[Work required] Wherever the word "düştü" appears in a line of the records, copy that line.
⟨
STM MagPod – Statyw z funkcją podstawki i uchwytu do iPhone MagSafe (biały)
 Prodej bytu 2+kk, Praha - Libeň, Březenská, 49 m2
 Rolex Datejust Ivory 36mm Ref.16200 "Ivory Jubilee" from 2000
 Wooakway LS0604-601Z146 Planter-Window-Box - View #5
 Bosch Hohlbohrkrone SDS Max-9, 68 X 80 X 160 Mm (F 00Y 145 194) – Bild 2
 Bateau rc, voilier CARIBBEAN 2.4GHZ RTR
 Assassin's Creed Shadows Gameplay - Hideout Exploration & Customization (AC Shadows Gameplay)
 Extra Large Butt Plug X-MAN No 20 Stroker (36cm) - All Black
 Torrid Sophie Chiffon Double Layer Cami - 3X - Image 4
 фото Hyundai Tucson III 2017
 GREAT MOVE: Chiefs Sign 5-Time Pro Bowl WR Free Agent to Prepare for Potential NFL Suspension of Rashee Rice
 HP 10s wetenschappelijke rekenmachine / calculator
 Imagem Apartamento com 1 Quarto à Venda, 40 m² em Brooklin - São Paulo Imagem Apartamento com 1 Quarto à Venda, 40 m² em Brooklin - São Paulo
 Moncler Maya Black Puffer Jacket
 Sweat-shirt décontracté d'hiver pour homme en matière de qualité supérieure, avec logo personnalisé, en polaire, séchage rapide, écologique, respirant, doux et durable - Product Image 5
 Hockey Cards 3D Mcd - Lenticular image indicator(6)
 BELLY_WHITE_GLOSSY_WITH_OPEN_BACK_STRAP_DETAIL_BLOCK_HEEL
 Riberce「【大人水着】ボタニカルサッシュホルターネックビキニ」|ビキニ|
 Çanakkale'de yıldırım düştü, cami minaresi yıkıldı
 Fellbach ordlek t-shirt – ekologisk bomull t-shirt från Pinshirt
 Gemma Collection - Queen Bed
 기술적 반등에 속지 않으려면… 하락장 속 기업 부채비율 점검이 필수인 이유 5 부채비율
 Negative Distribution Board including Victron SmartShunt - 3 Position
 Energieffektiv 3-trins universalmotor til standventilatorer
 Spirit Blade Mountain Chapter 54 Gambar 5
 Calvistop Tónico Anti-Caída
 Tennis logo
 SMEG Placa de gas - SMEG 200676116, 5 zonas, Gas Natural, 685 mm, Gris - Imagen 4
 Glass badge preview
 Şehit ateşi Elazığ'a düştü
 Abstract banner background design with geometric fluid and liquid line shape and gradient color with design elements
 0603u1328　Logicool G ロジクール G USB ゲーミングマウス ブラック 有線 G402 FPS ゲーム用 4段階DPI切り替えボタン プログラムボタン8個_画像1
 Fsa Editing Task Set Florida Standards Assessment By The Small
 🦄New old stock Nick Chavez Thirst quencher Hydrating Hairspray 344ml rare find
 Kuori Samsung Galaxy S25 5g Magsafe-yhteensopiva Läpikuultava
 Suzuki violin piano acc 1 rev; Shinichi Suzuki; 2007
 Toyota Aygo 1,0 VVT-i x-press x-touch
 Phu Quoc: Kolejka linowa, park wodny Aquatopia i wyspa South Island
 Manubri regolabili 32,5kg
⟩
[Completed task]
 Çanakkale'de yıldırım düştü, cami minaresi yıkıldı
 Şehit ateşi Elazığ'a düştü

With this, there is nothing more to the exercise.